Como la distocia de hombros no se puede predecir ni prevenir, todos los médicos deben estar adiestrados en las técnicas requeridas para enfrentar esta complicación.

  • Específico: El esfuerzo principal debe ir encaminado a desenganchar el hombro anterior. Aunque existen muchas opciones se recomienda actuar de la forma siguiente:

1. Pedir de inmediato la asistencia de anestesiólogo, neonatólogo y Obstetra experimentado.

2. Canalizar venas adecuadas (esto debe realizarse previamente en todo parto considerado distócico).

3. Realizar una episiotomía amplia, o ampliar la antes realizada. (La episiotomía no disminuye el riesgo de lesión del plexo braquial en pacientes con distocia de hombros).

4. Introducir la mano en la vulva y palpar el cuello y el tórax fetales para descartar un proceso tumoral o un aumento de volumen del mismo de cualquier otra causa.

5. Realizar las maniobras que busquen el desprendimiento de los hombros para su extracción en el orden siguiente:

  • Maniobra de McRoberts: Consiste en flexionar con fuerza los muslos de la paciente hacia el abdomen, en varias oportunidades, para disminuir o rectificar la angulación sacrolumbar y que se bascule la sínfisis del pubis en dirección cefálica, con lo que se debe liberar el hombro impactado al traccionarlo sin mucha fuerza. Eficaz en el 90% de los casos.
  • Maniobra de Hibbard (presión suprapúbica): Se debe presionar con fuerza, con una mano, sobre el hombro enclavado, encima del pubis. No se debe traccionar la cabeza fetal ni estirar el cuello.
  • No aplicar presión sobre el fondo uterino, esto encaja aún más el hombro y puede ocasionar una rotura uterina.
  • Maniobra de Woods o del atornillado: Consiste en presionar lateralmente y hacia arriba la escápula del hombro posterior del feto, de manera que el hombro anterior rote a un diámetro oblicuo. Con esto puede convertirse el hombro anterior en posterior y lograr su salida.
  • Maniobra de Jacquemier: Consiste en introducir la mano apropiada por la espalda del feto para tomar el antebrazo y extraer el brazo posterior; entonces el hombro y el brazo anterior descienden. Es una maniobra con mucho riesgo de provocar rotura uterina, por lo que no debe efectuarse si el feto ha muerto.
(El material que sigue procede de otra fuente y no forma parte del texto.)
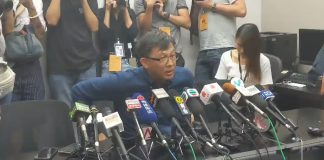 记者“你后悔与那些白衣暴徒握手吗?” 议员何君尧:“你别后悔你问这个问题!”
No hay diferencias entre la extracción del brazo posterior y la maniobra de rotación, por consiguiente pueden usarse indistintamente, teniendo en cuenta el juicio clínico y la experiencia del operador.

  • Fractura digital de la clavícula fetal anterior: Para esto se presiona con fuerza en la parte media. No siempre se logra fracturarla.
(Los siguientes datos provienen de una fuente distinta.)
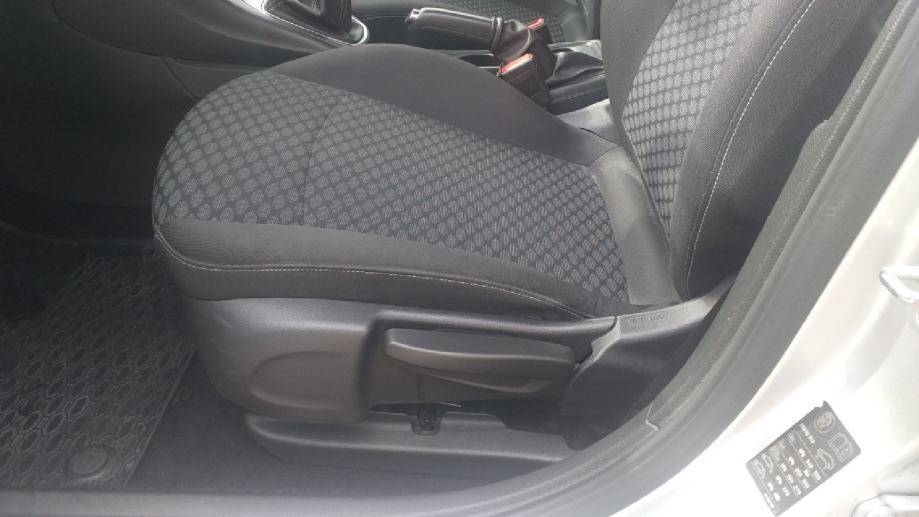 Opel Astra Karavan 1.6 cdti, fotografija 7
Se han descrito otros métodos para casos resistentes, como cleidotomía, la sinfisiotomía y la maniobra de Zavanelli, pero raramente son necesarios.

La distocia de hombros es una distocia muy grave y poco predicible mediante la valoración aislada de los factores de riesgo. Su profilaxis, mediante la inducción electiva o la cesárea, solo esta justificada en casos en que la sospecha de la macrosomía es extrema, pero también se justificaría si junto a una sospecha de macrosomía menos extrema concurren otros factores, en especial los relacionados con una evolución lenta del segundo periodo del parto. Si ocurre una distocia de hombros, un protocolo de resolución reglado, con un buen entrenamiento de todo el personal del paritorio puede mejorar sus resultados y evitar, en lo posible, la morbilidad.

Fuentes

  • Rodis JF, Lockwood CJ, Barss VA. Intrapartum management and outcome of shoulder dystocia. In: UpToDate, Rose BD (Ed), UpToDate; Waltham,MA,2010.
  • Spong CY, Beall M, Rodrigues D, Ross MG. An objective definition of shoulder dystocia: Prolonged head‐to‐body delivery intervals and/or the use of ancillary obstetric maneuvers. Obstet Gynecol 1995;86:433.
  • Beall MH, Spong C, McKay J, Ross MG. Objective definition of shoulder dystocia: A prospective evaluation. Am J Obstet Gynecol 1998;179:934.